> _INFORMATION_:
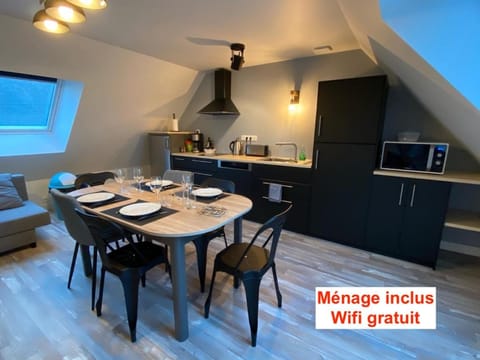 Kitchen or kitchenette, Dining area, minibar, pet friendly, stove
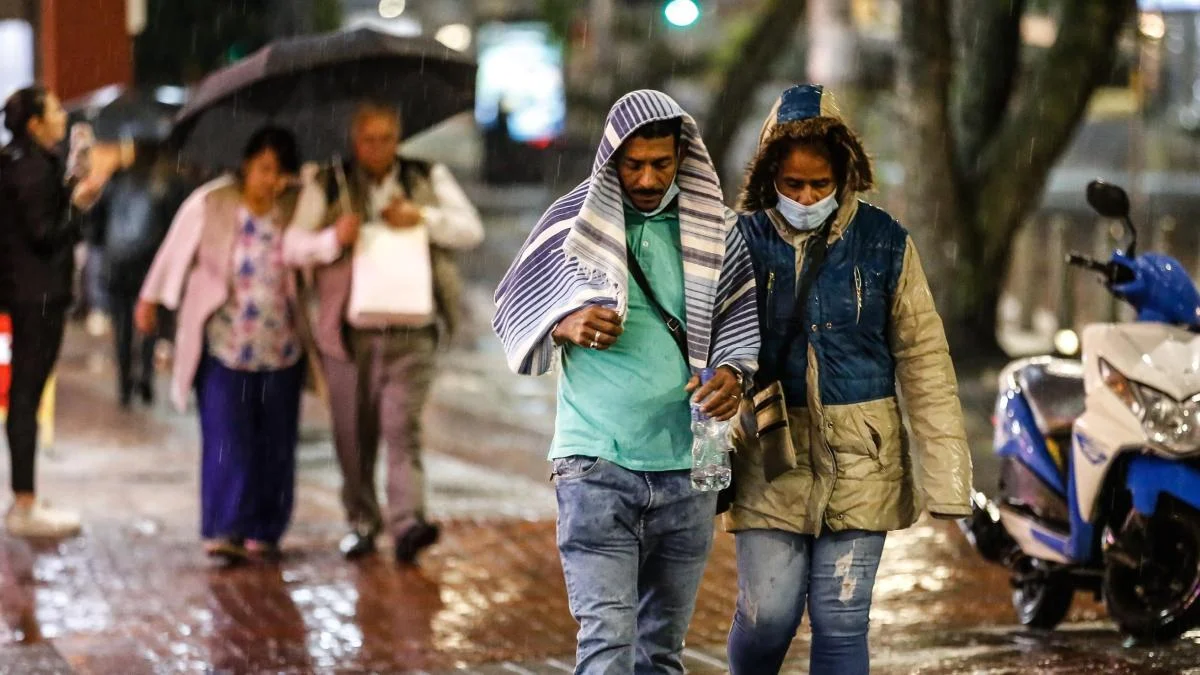 Colombia Faces Severe Weather Alert: Intense Rains and Tropical Storm Activity Expected During Holiday Weekend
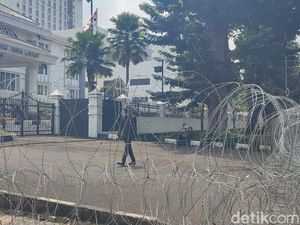Ada Demo Lagi, Pagar Gedung Sate-DPRD Dipasang Kawat Berduri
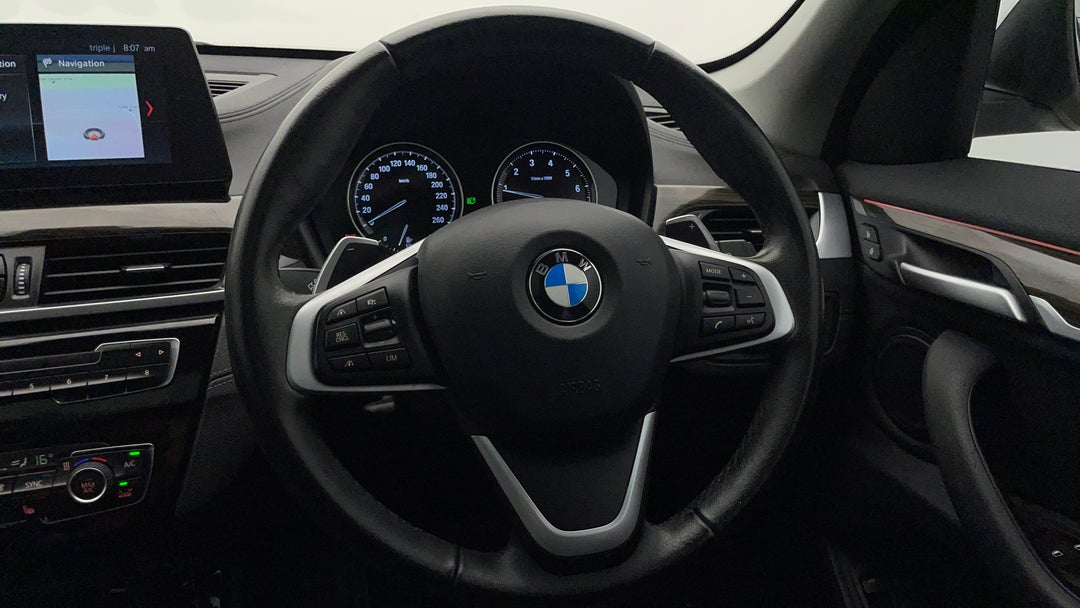 2021 BMW X1 sDrive 20i, Automatic, 66070 km, Steering Wheel Close-up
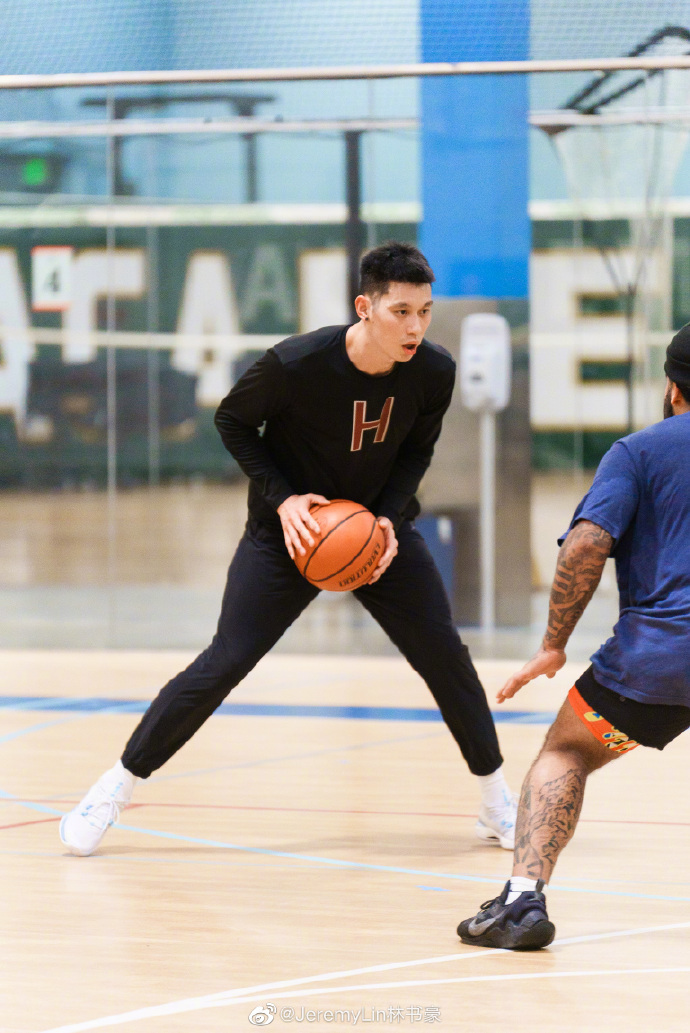 林书豪在微博晒出了自己的训练图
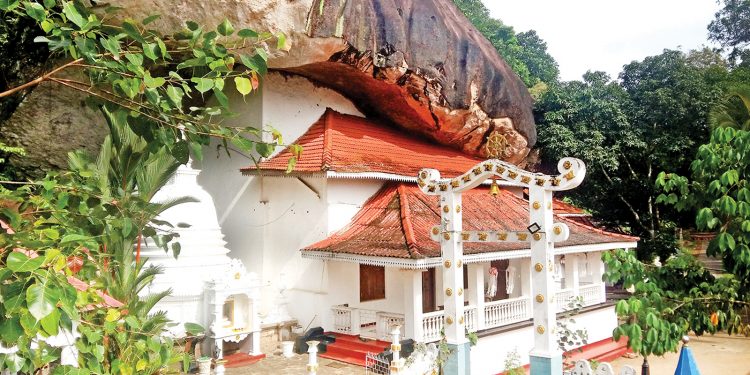 අද හෙටම යටවෙන දැරණියගල කරක්ගහමුද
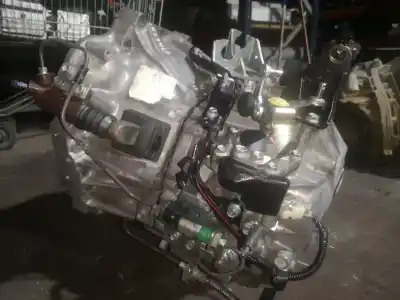 Автозапчасти б/у коробка передач за toyota verso (aur2/zgr2) 1adftv ссылки oem iam 3030064080  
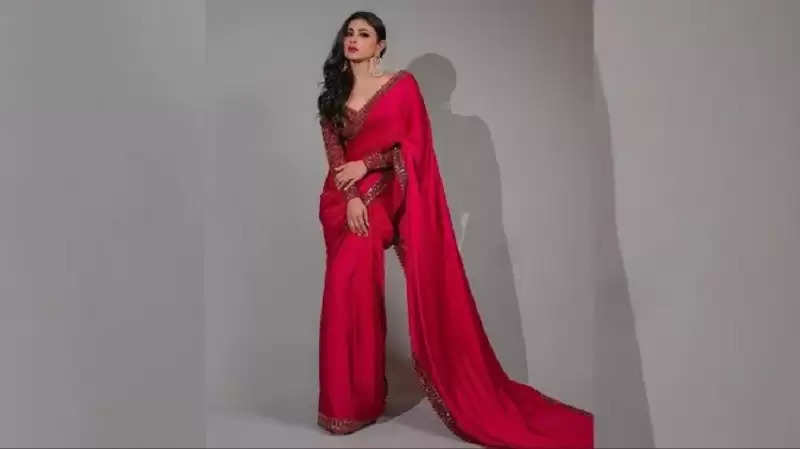 25+ Red Saree Designs to Wear on Your Karwa Chauth 2021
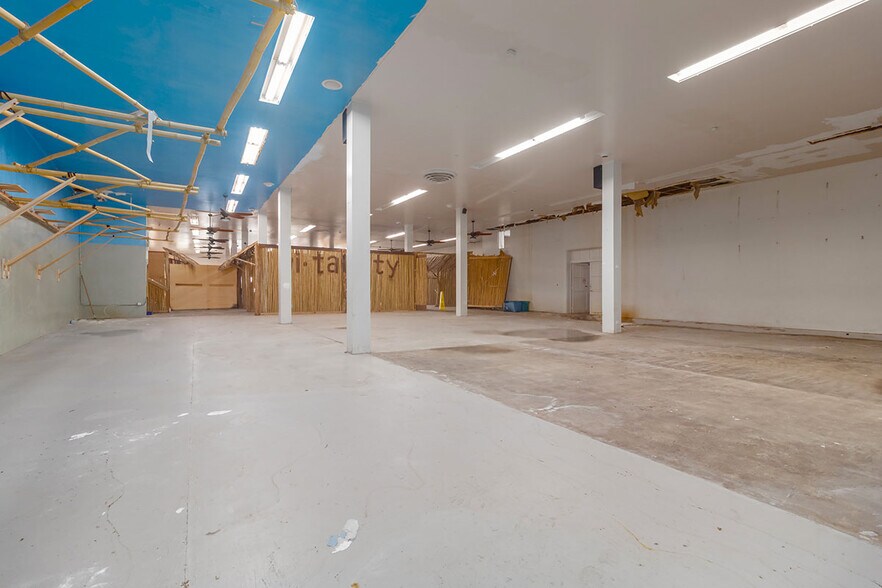 More Photos Of 138 Kamehameha Ave, Hilo Storefront For Sale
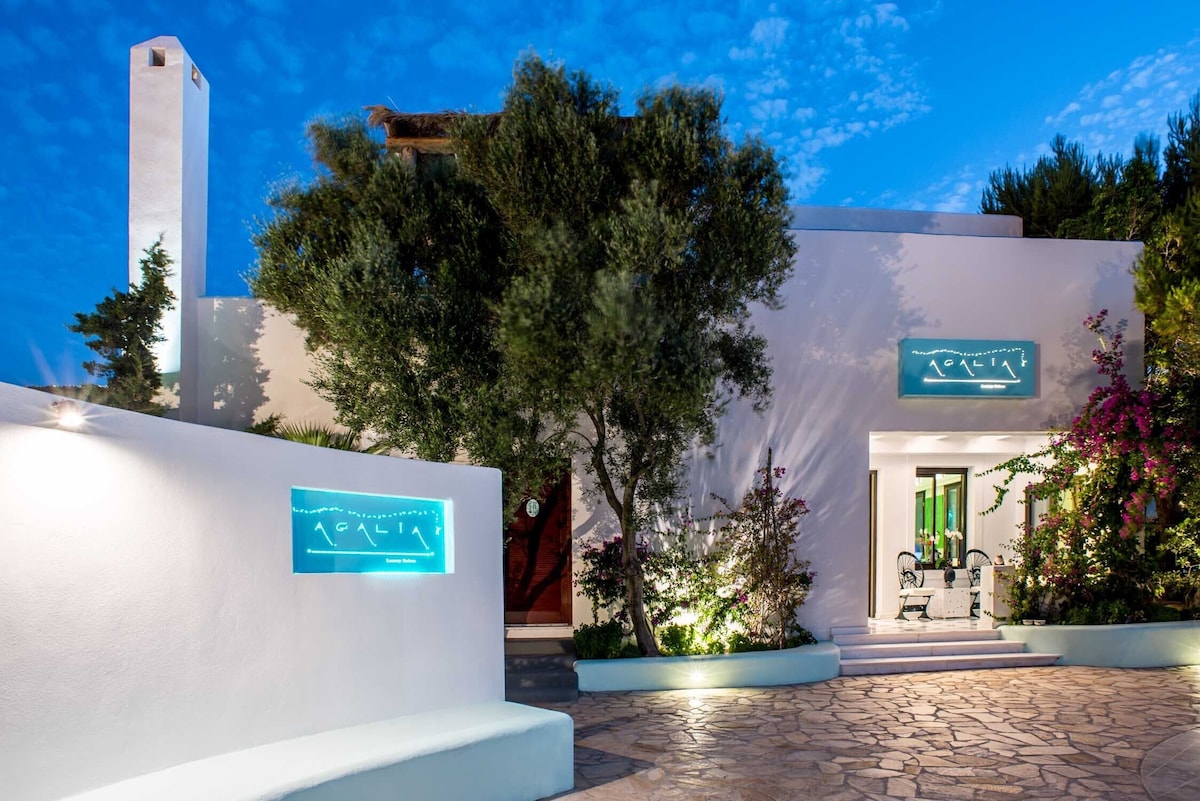 Agalia Luxury Suites (Deluxe with Sea View) image 8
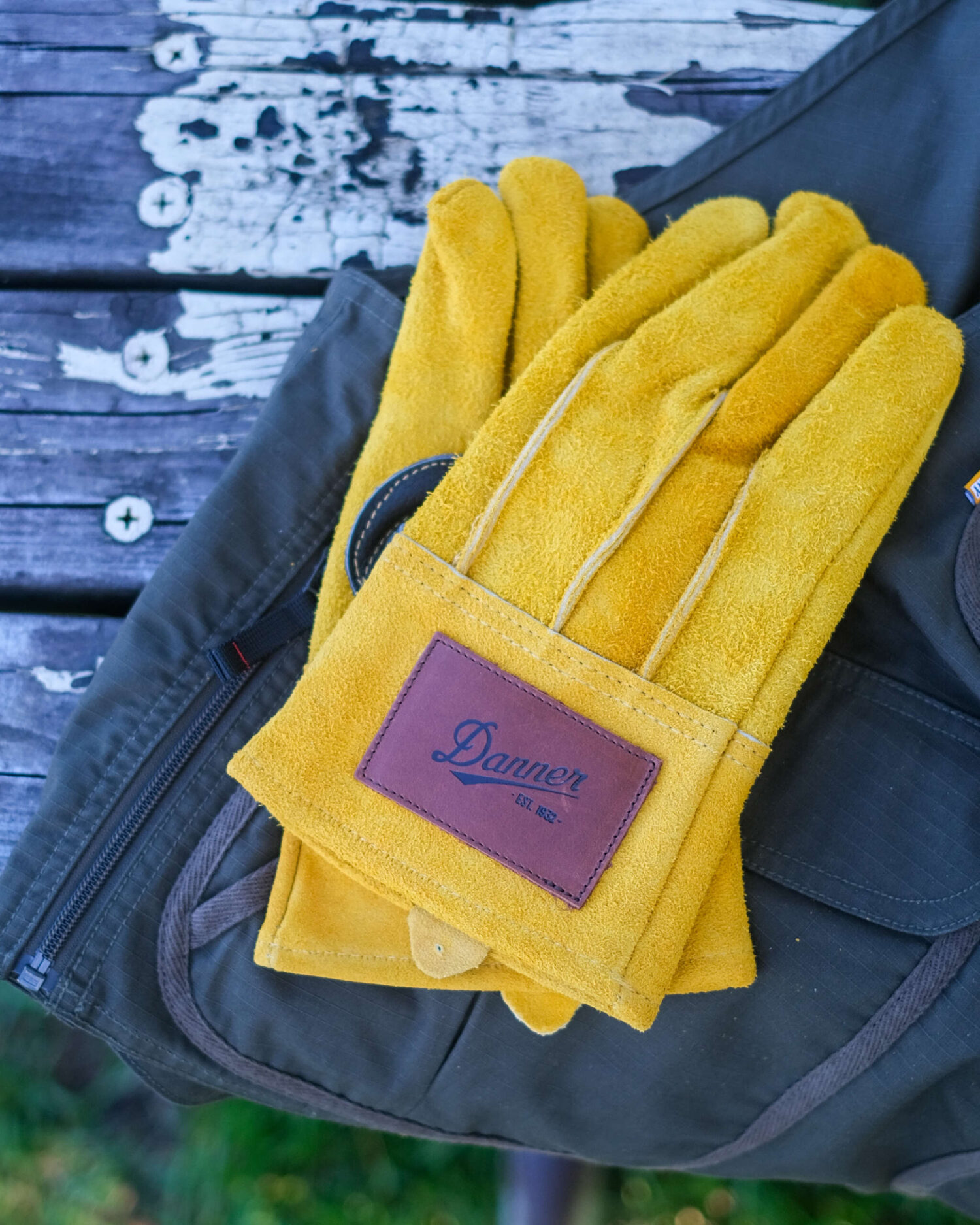 キャンプを安全に楽しむための必需品「FIRE GLOVE」|ダナー キャンプを安全に楽しむための必需品「FIRE GLOVE」|ダナー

> _TASK TO CARRY OUT_:
Retype only the lines that run from the first line of the entries above to the line containing "Автозапчасти б/у коробка", both included. Do not carry over any pictures.

> _RESPONSE FOR THIS EXERCISE_:
 Kitchen or kitchenette, Dining area, minibar, pet friendly, stove
 Colombia Faces Severe Weather Alert: Intense Rains and Tropical Storm Activity Expected During Holiday Weekend
Ada Demo Lagi, Pagar Gedung Sate-DPRD Dipasang Kawat Berduri
 2021 BMW X1 sDrive 20i, Automatic, 66070 km, Steering Wheel Close-up
 林书豪在微博晒出了自己的训练图
 අද හෙටම යටවෙන දැරණියගල කරක්ගහමුද
 Автозапчасти б/у коробка передач за toyota verso (aur2/zgr2) 1adftv ссылки oem iam 3030064080  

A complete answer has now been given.